====== Records for the task ======
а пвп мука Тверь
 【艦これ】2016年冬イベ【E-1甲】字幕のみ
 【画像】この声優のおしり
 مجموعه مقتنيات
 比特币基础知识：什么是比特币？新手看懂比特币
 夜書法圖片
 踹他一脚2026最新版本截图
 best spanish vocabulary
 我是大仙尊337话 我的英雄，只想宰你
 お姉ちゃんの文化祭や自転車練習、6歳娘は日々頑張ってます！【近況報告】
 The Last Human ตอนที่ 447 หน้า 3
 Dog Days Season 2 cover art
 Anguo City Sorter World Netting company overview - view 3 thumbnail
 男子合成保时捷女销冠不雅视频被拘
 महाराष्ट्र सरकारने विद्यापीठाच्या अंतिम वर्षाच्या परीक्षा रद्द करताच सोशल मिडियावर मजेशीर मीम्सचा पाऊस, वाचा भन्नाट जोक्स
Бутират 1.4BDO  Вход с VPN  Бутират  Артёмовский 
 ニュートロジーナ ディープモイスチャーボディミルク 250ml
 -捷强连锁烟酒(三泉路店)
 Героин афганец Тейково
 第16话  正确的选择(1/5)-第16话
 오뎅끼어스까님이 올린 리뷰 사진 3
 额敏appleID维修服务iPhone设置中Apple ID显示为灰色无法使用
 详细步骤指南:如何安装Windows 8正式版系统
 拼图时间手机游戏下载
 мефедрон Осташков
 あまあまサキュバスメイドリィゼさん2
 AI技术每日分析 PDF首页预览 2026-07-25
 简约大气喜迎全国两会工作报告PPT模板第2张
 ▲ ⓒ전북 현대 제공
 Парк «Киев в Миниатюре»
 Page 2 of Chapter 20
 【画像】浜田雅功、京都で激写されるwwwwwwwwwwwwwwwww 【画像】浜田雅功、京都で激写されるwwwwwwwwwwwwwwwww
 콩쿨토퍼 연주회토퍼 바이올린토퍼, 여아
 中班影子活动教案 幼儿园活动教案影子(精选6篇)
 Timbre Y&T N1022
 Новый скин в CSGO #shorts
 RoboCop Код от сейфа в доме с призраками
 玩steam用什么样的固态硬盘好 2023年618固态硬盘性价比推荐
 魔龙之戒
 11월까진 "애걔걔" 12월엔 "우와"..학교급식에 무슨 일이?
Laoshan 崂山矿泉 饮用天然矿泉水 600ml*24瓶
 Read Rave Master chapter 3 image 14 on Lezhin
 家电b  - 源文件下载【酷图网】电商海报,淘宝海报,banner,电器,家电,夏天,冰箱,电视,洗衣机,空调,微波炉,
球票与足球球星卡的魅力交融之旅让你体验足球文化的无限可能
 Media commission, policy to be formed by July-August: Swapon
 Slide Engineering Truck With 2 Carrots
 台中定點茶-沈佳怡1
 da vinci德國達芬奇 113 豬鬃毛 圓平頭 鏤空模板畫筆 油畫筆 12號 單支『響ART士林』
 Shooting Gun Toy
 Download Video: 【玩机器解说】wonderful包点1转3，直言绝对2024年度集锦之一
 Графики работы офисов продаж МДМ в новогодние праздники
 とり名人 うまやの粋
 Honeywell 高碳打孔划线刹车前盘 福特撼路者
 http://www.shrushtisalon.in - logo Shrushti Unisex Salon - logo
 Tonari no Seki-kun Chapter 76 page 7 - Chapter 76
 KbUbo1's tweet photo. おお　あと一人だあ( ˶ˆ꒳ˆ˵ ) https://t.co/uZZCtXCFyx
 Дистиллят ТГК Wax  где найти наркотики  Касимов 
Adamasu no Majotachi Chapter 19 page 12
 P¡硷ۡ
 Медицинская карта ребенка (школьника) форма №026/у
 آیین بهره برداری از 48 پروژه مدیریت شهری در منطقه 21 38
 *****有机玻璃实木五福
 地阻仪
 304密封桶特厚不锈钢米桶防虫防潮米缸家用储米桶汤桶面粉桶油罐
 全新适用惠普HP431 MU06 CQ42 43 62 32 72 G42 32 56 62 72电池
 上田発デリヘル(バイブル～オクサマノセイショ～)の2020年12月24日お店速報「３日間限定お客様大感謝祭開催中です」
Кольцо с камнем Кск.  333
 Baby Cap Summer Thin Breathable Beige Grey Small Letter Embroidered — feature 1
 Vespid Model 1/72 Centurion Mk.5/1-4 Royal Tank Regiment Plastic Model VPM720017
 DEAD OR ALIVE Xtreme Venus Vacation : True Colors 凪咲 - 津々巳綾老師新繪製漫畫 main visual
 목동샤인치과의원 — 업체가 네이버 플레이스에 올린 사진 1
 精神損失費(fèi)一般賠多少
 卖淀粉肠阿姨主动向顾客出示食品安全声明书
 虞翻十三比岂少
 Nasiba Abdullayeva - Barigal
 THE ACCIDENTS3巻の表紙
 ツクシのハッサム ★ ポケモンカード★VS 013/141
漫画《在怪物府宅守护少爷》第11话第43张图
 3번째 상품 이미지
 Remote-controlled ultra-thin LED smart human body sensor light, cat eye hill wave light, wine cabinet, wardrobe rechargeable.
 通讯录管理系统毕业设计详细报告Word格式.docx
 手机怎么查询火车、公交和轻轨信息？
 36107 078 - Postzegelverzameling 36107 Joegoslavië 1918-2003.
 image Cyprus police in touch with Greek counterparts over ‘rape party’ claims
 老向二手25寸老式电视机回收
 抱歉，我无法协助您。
======
Task instructions -
Write out, unaltered, the lines from the opening of the listing through the line that includes "AI技术每日分析 PDF首页预览 2026-07-25".

Task response -
а пвп мука Тверь
 【艦これ】2016年冬イベ【E-1甲】字幕のみ
 【画像】この声優のおしり
 مجموعه مقتنيات
 比特币基础知识：什么是比特币？新手看懂比特币
 夜書法圖片
 踹他一脚2026最新版本截图
 best spanish vocabulary
 我是大仙尊337话 我的英雄，只想宰你
 お姉ちゃんの文化祭や自転車練習、6歳娘は日々頑張ってます！【近況報告】
 The Last Human ตอนที่ 447 หน้า 3
 Dog Days Season 2 cover art
 Anguo City Sorter World Netting company overview - view 3 thumbnail
 男子合成保时捷女销冠不雅视频被拘
 महाराष्ट्र सरकारने विद्यापीठाच्या अंतिम वर्षाच्या परीक्षा रद्द करताच सोशल मिडियावर मजेशीर मीम्सचा पाऊस, वाचा भन्नाट जोक्स
Бутират 1.4BDO  Вход с VPN  Бутират  Артёмовский 
 ニュートロジーナ ディープモイスチャーボディミルク 250ml
 -捷强连锁烟酒(三泉路店)
 Героин афганец Тейково
 第16话  正确的选择(1/5)-第16话
 오뎅끼어스까님이 올린 리뷰 사진 3
 额敏appleID维修服务iPhone设置中Apple ID显示为灰色无法使用
 详细步骤指南:如何安装Windows 8正式版系统
 拼图时间手机游戏下载
 мефедрон Осташков
 あまあまサキュバスメイドリィゼさん2
 AI技术每日分析 PDF首页预览 2026-07-25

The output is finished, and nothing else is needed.